Medikwe Habrocestum Jumping Spider

Scientific classification
- Kingdom: Animalia
- Phylum: Arthropoda
- Subphylum: Chelicerata
- Class: Arachnida
- Order: Araneae
- Infraorder: Araneomorphae
- Family: Salticidae
- Genus: Habrocestum
- Species: H. auricomum
- Binomial name: Habrocestum auricomum Haddad & Wesołowska, 2013

= Habrocestum auricomum =

- Authority: Haddad & Wesołowska, 2013

Species of spider

Habrocestum auricomum is a species of spider in the family Salticidae. It is endemic to South Africa and is commonly known as Medikwe Habrocestum jumping spider.

==Distribution==
Habrocestum auricomum is found in South Africa, where it is presently only known from three proximate localities south of the Soutpansberg Mountains in Limpopo, namely Goro Game Ranch near Vivo, Lhuvhondo Nature Reserve, and Medikwe Mountain Reserve.

==Habitat and ecology==
Habrocestum auricomum inhabits the Savanna biome at altitudes ranging from 807 to 1341 m.

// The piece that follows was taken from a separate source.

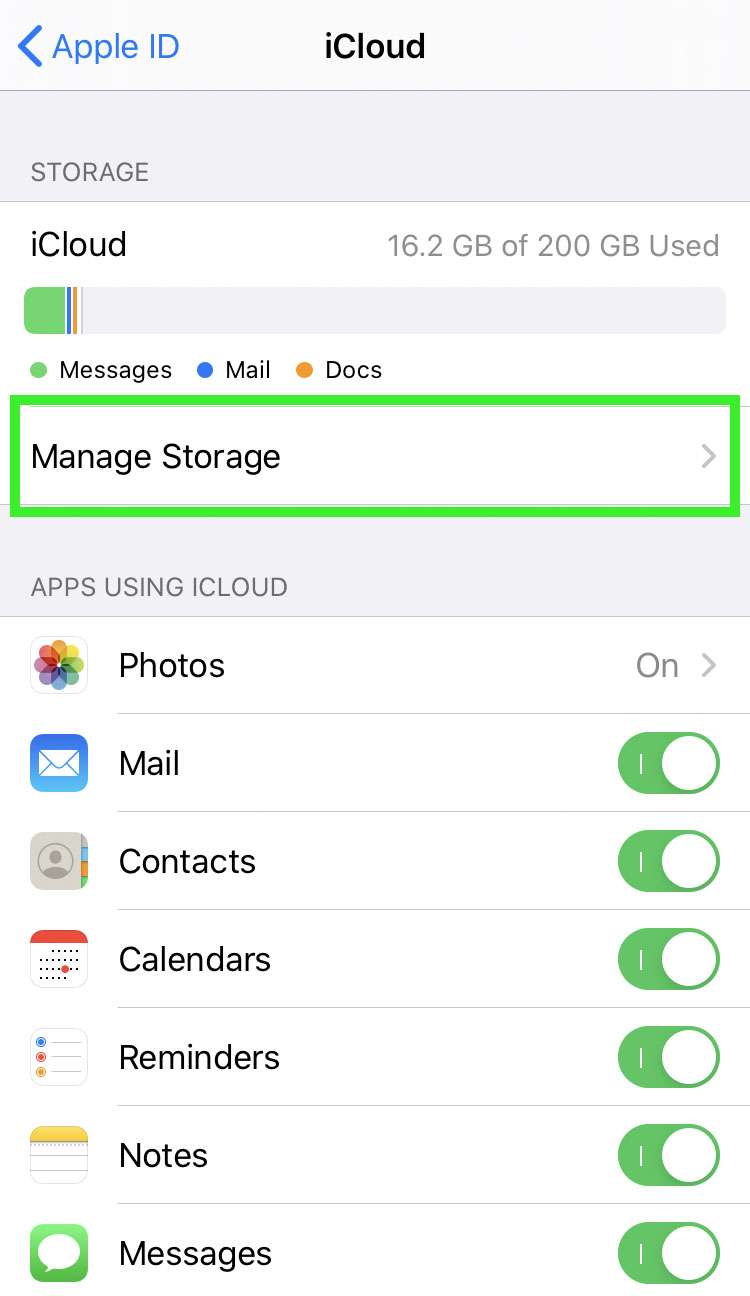 Downgrade iCloud storage plan 3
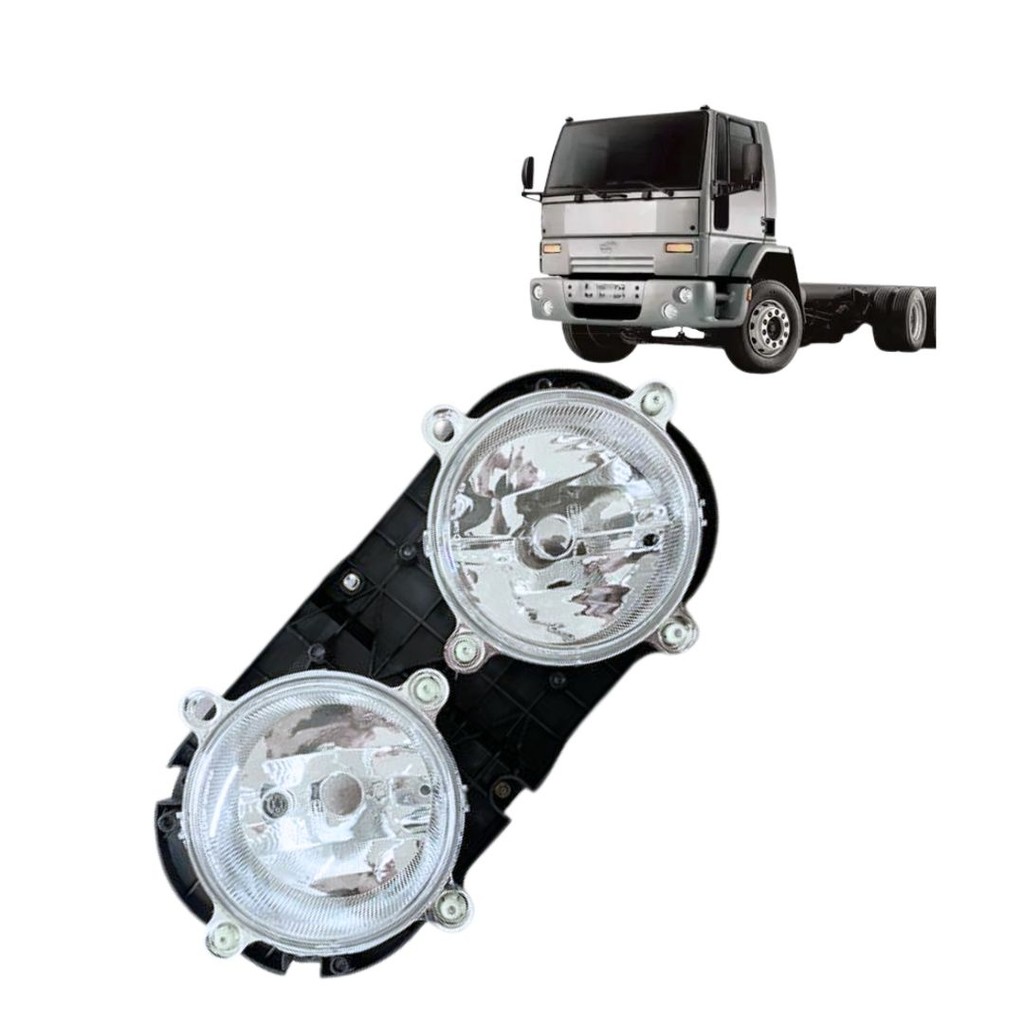 Farol Diagonal Dianteiro Duplo Para Caminhão Ford Cargo 2000 a 2006 Lado Direito Nino F-162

Free-living ground-dweller sampled from leaf litter and pitfall traps.

==Conservation==
Habrocestum auricomum is listed as Data Deficient by the South African National Biodiversity Institute due to the small geographical range and the unknown female. There are no known threats and it is protected in the Lhuvhondo Nature Reserve and Medikwe Mountain Reserve in the Soutpansberg. However, the status of the species remains obscure and some more sampling is needed to collect the female and more accurately determine its range.

==Taxonomy==
Habrocestum auricomum was described by Haddad and Wesołowska in 2013 from Medikwe Mountain Reserve and is known only from the male.